==== Records to process

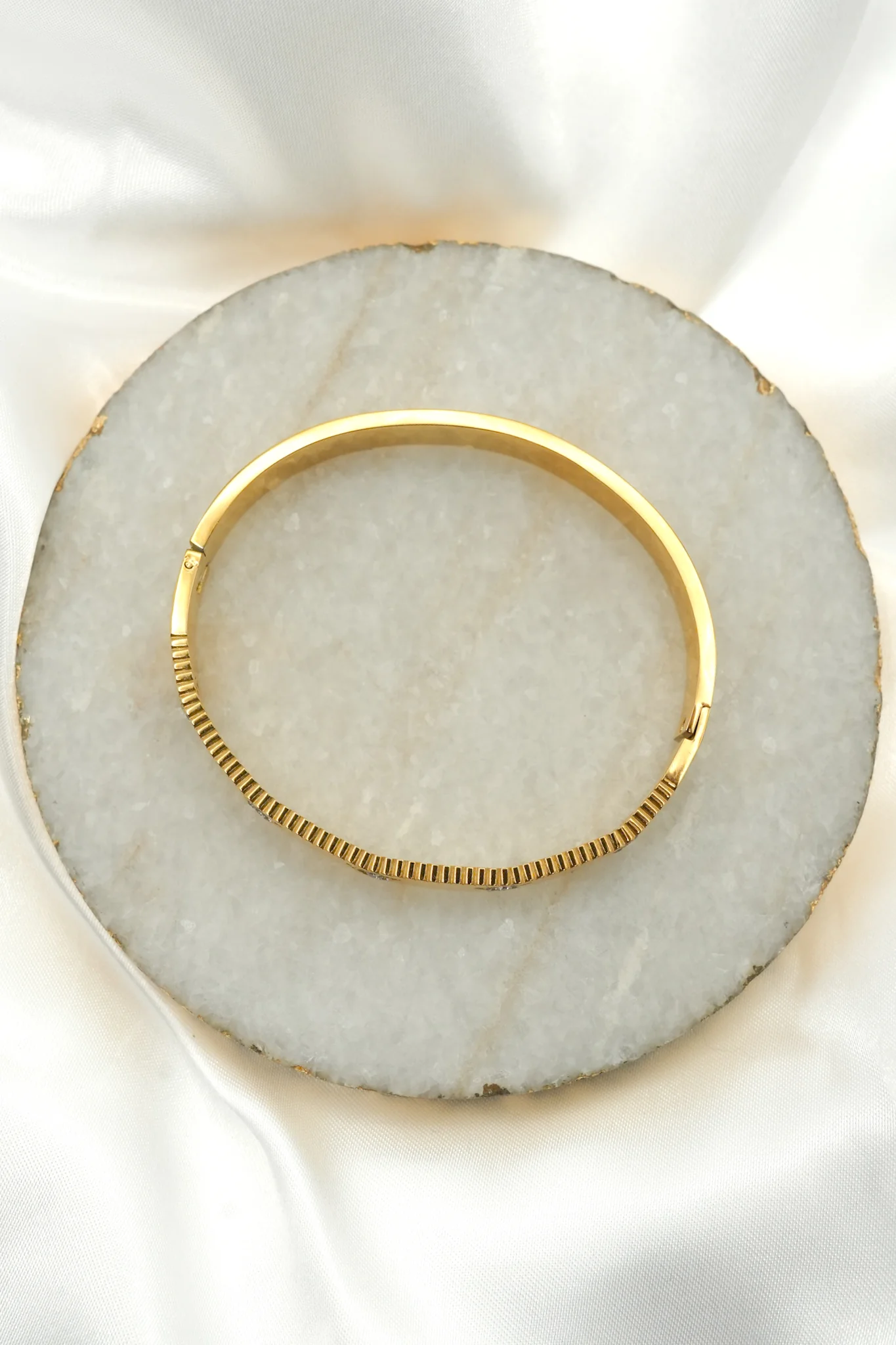 Margot Bracelet - Image 3
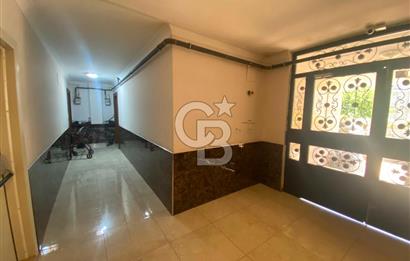 AKÇAY/İKİZÇAY'DA YÜKSEK GİRİŞ SATILIK 3+1 DAİRE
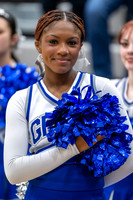 cheer 2-13-26. 7.jpg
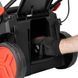 Газонокосилка аккумуляторная INTERTOOL WT-9216 (2х20В, 3500об/мин без ЗУ и АКБ) WT-9216 фото 11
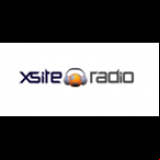 Radio Xsite Radio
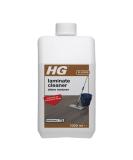 HG laminate gloss cleaner (wash & shine) (product 73) 1L - Buy Online on SooperMarket.com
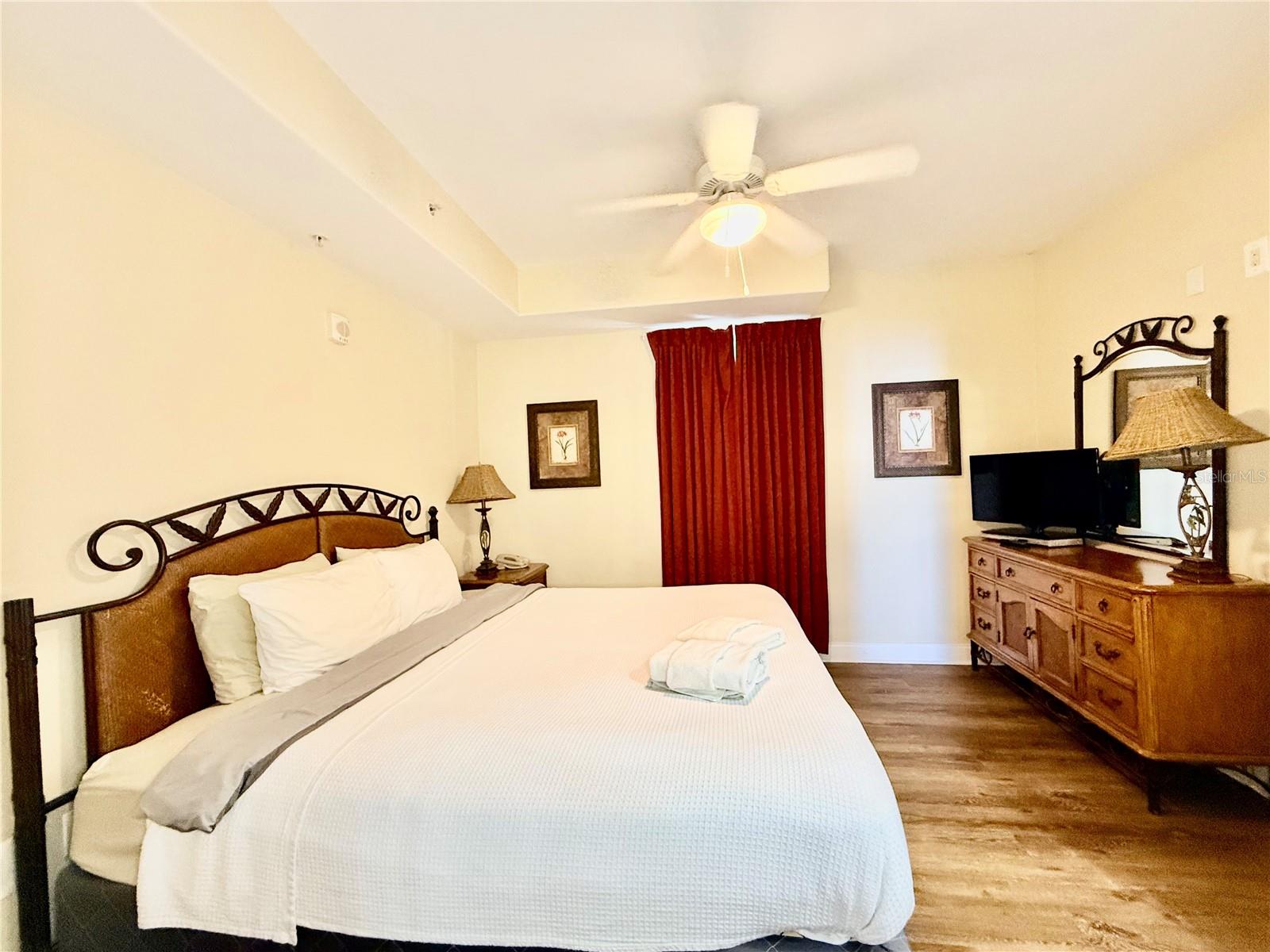 13415 BLUE HERON BEACH DR #109, ORLANDO, FL — photo 11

========

**Required action**
An exact reprint of the records above is required, with all pictures left out.

**Solution to this problem**
 Margot Bracelet - Image 3
 AKÇAY/İKİZÇAY'DA YÜKSEK GİRİŞ SATILIK 3+1 DAİRE
 cheer 2-13-26. 7.jpg
 Газонокосилка аккумуляторная INTERTOOL WT-9216 (2х20В, 3500об/мин без ЗУ и АКБ) WT-9216 фото 11
 Radio Xsite Radio
 HG laminate gloss cleaner (wash & shine) (product 73) 1L - Buy Online on SooperMarket.com
 13415 BLUE HERON BEACH DR #109, ORLANDO, FL — photo 11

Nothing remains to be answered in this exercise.